İdris Çabuk, "İş cinayetlerinde yakınlarını kaybedenler veya yaralananlar bugüne kadar pek ceza dava açmadı kurumlara"diyor ve yakınlarını kaybeden ailelerin, "yargılama süreçlerinin uzun ve sonuç alma beklentilerinin düşük olması" nedeniyle dava açmadıklarını söylüyor.

Çabuk aynı zamanda, bilirkişi raporuna göre patlamada sorumluluğu bulunan kurumlara ceza davası açılamamasına rağmen tazminat davası açılabildiğini ve kendi lehlerine sonuçlar çıktığını söylüyor.

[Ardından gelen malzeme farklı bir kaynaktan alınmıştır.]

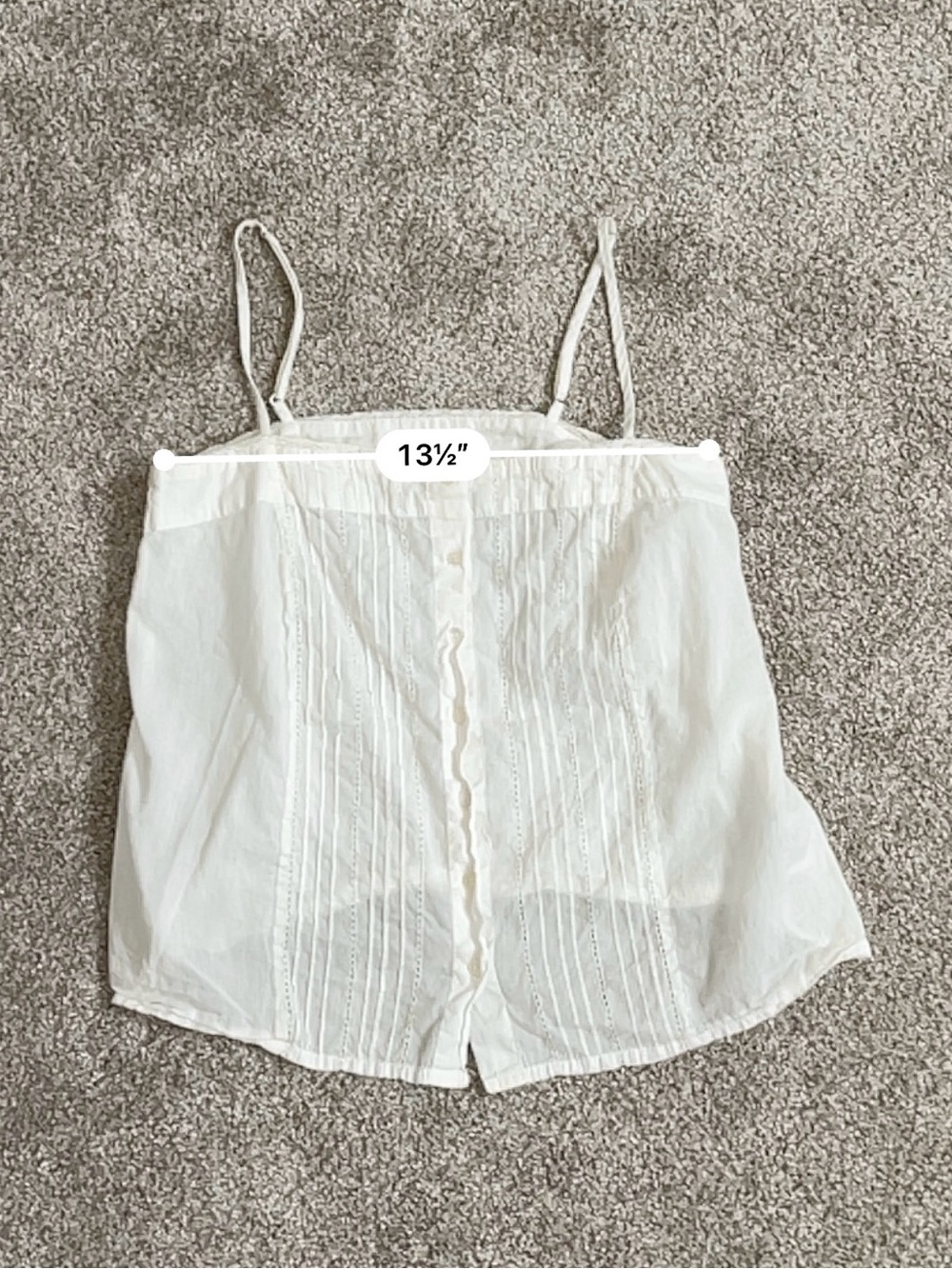 Nili lotan Shelia cotton cami top - Picture 5 of 9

Bunu "ilginç" olarak yorumluyor Çabuk: "İlginçtir ceza davalarının kurumlara açılmasına izin verilmezken tazminat davalarını açtık. Bu davalarda İçişleri Bakanlığı dahil İstanbul Büyükşehir Belediyesi, Çalışma ve Sosyal Güvenlik Bakanlığı bölge müdürlüğü, BEDAŞ suçlu bulundu."

Çabuk'un verdiği bilgiye göre kimi davalarda iki, kimi davalarda dört, kimisinde beş merci tazminat ödemeye mahkum edilmiş.

Bu davalardan şu ana kadar biri dışında hepsi temyize götürüldüğü için nihai durum için Yargıtay'ın kararı bekleniyor.

İş sağlığı ve güvenliği kanunu

İşçilerin "her gün öldüğü" Türkiye'de, Nisan 2012'de TBMM'ye İş Salığı ve Güvenliği Yasa Tasarısı sunuldu. 30 Haziran'da ise yürürlüğe girdi. Ancak işçi örgütleri bu yasanın yeterli olmaktan uzak olduğunu düşünüyor.

Yasanın çıkmasından hemen sonra Temmuz ayında DİSK, KESK, TMMOB ve Türk Tabipleri Birliği ortak açıklama yapmıştı.

Açıklamada, "Yasa, sorunlu bir sistem üzerinden, çalışanların sağlığı ve güvenliği alanında yaşanan sorunları çözebilmesi ve arzu edilen normlara ulaşabilmesi hedefinden oldukça uzak olduğu gibi, var olan sorunların daha da derinleşmesine neden olacağını düşündürmektedir," denilmişti.